Der Prozess der Säkularisierung in Europa ist weit fortgeschritten. Die Religiosität und die Bindung an die Kirchen nahmen in den meisten Ländern, mit Ausnahme von Polen und Irland, in den Jahrzehnten nach dem Zweiten Weltkrieg ab.

aus dem n-tv Atlas 2008

Dennoch bezeichnen sich viele Europäer selbst als „christlich“. Wenigstens als Teil der persönlichen Identität spielt die christliche Tradition, ob nun tatsächlich gelebt oder nicht, für viele Menschen eine wichtige Rolle.

Symbol der Christenheit: Jesus am Kreuz
mev, Augsburg
Der offiziellen Politik bereitet der Umgang mit dieser religiösen Dimension deutliche Schwierigkeiten. Als die Staats- und Regierungschefs der EU im März 2007 aus Anlass des 50. Jahrestages der Römischen Verträge die „Berliner Erklärung“ zur Zukunft der EU verabschiedeten, nahmen sie darin auf gemeinsame Werte wie Menschenwürde, Gleichberechtigung, Demokratie und Rechtsstaatlichkeit Bezug, die die Gemeinschaft geprägt haben. Ein Hinweis auf die jüdischchristlichen Traditionen Europas dagegen fehlte – für die beiden christlichen Kirchen in Deutschland verständlicherweise ein Anlass zur Kritik.

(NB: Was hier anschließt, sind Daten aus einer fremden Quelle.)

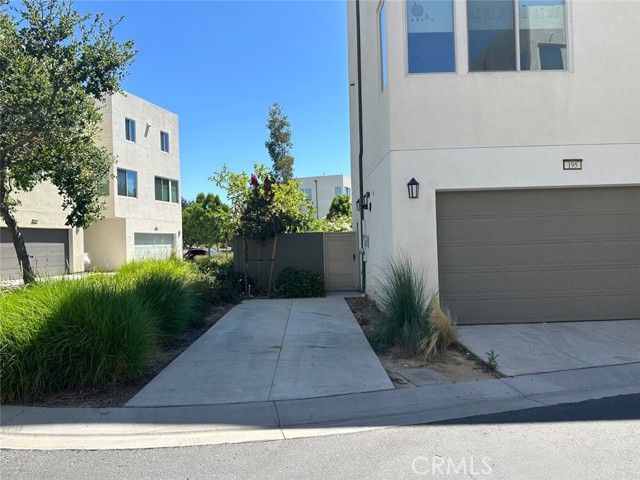 195 Stellar, Irvine CA: https://media.crmls.org/medias/9967b900-5076-4c0d-b9e7-49112efd8a77.jpg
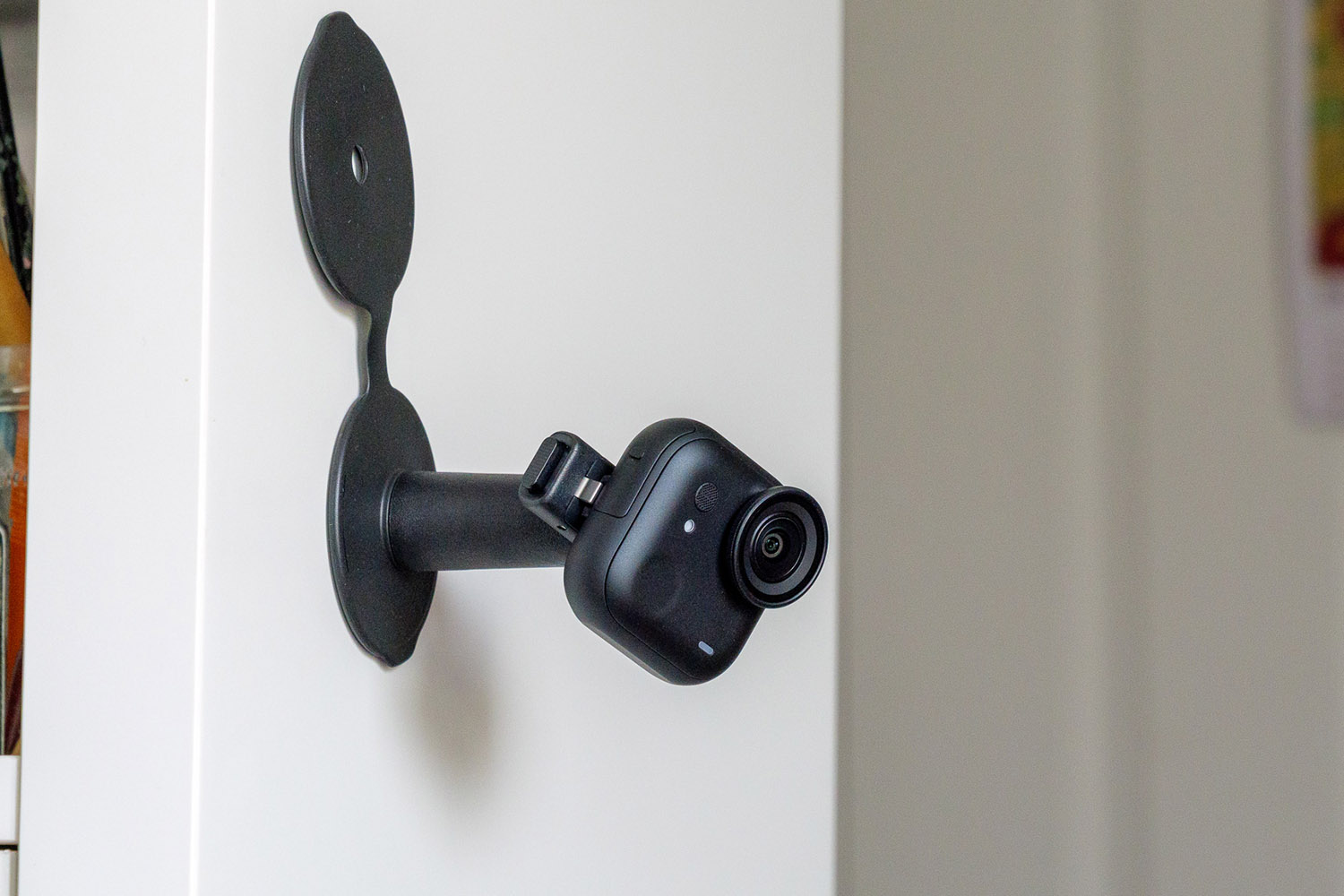 Insta360 Go Ultra on sticky mount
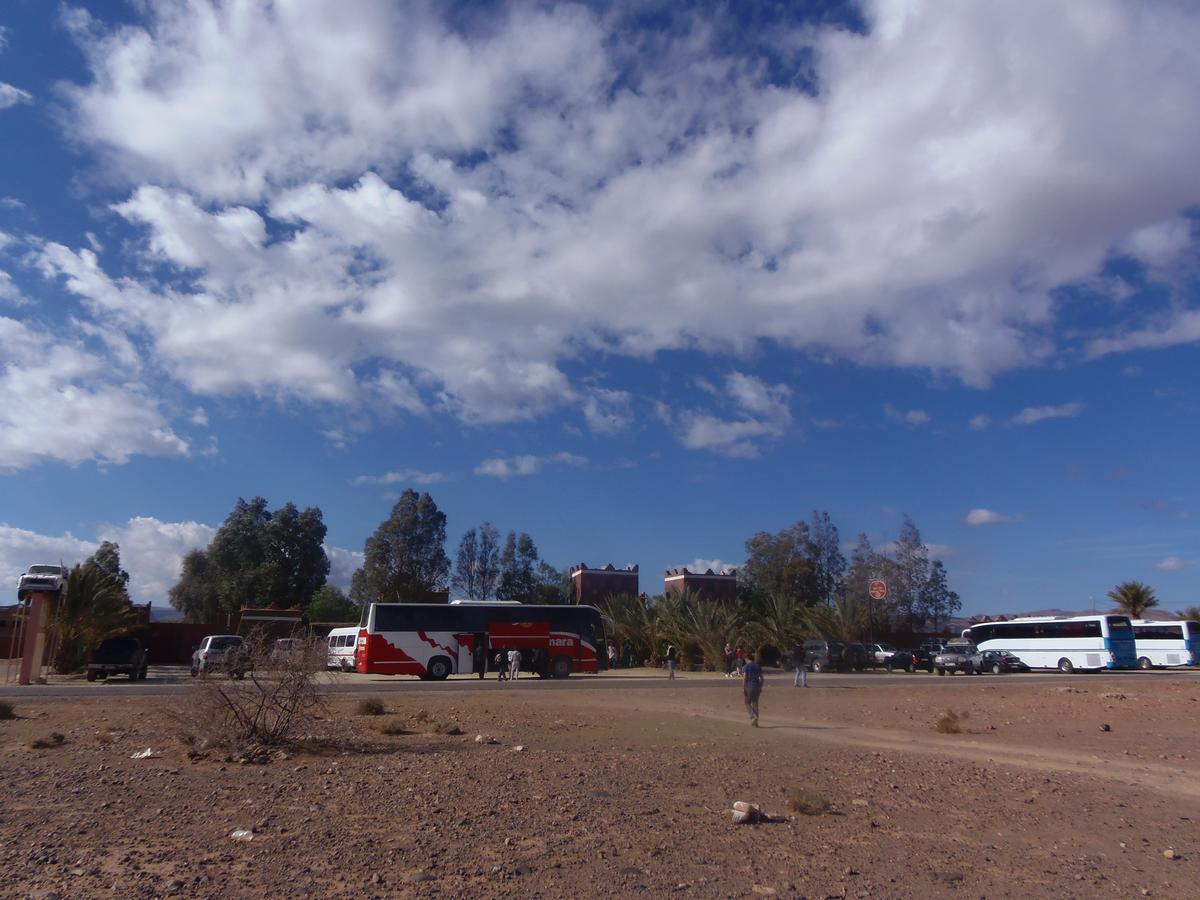 Kasbah Meteorites Hotel Imi n'Ouzrou Bagian luar foto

Bereits zuvor hatte Papst Benedikt XVI. den fehlenden „Gottesbezug“ moniert und an die Politiker appelliert, bei ihrem Bemühen um die weitere Einigung die christlichen Wurzeln des Kontinents, welche zweifellos die kulturelle Entwicklung Europas entscheidend geprägt haben, nicht außer Acht zu lassen.

Gute Gründe sprechen allerdings auch dafür, dass vor allem der ausschließliche Bezug auf die christliche Religion nicht Teil staatlicher Dokumente sein sollte. Dies darf aber nicht bedeuten, dass die christliche Tradition Europas aus der politischen Öffentlichkeit verschwinden sollte. Allerdings muss eine Lösung gefunden werden, die auch für die rd. 20 Mio. Muslime Europas akzeptabel ist.